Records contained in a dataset
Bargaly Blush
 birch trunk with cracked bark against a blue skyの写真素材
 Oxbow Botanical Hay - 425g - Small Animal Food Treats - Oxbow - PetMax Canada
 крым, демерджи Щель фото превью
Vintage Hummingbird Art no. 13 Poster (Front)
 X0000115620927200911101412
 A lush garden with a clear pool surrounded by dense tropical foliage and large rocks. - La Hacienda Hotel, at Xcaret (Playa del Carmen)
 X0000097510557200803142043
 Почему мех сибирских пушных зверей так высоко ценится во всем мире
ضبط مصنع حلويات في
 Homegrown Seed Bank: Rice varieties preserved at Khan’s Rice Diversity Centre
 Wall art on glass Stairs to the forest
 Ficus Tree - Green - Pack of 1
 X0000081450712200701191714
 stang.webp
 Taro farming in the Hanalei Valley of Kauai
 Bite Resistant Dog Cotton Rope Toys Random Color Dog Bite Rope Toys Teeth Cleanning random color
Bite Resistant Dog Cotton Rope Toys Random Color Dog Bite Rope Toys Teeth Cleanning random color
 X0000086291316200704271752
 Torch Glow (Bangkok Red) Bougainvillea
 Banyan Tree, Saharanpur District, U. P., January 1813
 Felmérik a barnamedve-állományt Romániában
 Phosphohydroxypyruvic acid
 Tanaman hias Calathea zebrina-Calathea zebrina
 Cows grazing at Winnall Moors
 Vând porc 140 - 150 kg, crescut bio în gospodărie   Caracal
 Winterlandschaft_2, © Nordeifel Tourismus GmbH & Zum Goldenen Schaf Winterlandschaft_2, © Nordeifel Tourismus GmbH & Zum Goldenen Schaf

Task directions: Give all the records above again, wording unchanged.

Exercise solution:
Bargaly Blush
 birch trunk with cracked bark against a blue skyの写真素材
 Oxbow Botanical Hay - 425g - Small Animal Food Treats - Oxbow - PetMax Canada
 крым, демерджи Щель фото превью
Vintage Hummingbird Art no. 13 Poster (Front)
 X0000115620927200911101412
 A lush garden with a clear pool surrounded by dense tropical foliage and large rocks. - La Hacienda Hotel, at Xcaret (Playa del Carmen)
 X0000097510557200803142043
 Почему мех сибирских пушных зверей так высоко ценится во всем мире
ضبط مصنع حلويات في
 Homegrown Seed Bank: Rice varieties preserved at Khan’s Rice Diversity Centre
 Wall art on glass Stairs to the forest
 Ficus Tree - Green - Pack of 1
 X0000081450712200701191714
 stang.webp
 Taro farming in the Hanalei Valley of Kauai
 Bite Resistant Dog Cotton Rope Toys Random Color Dog Bite Rope Toys Teeth Cleanning random color
Bite Resistant Dog Cotton Rope Toys Random Color Dog Bite Rope Toys Teeth Cleanning random color
 X0000086291316200704271752
 Torch Glow (Bangkok Red) Bougainvillea
 Banyan Tree, Saharanpur District, U. P., January 1813
 Felmérik a barnamedve-állományt Romániában
 Phosphohydroxypyruvic acid
 Tanaman hias Calathea zebrina-Calathea zebrina
 Cows grazing at Winnall Moors
 Vând porc 140 - 150 kg, crescut bio în gospodărie   Caracal
 Winterlandschaft_2, © Nordeifel Tourismus GmbH & Zum Goldenen Schaf Winterlandschaft_2, © Nordeifel Tourismus GmbH & Zum Goldenen Schaf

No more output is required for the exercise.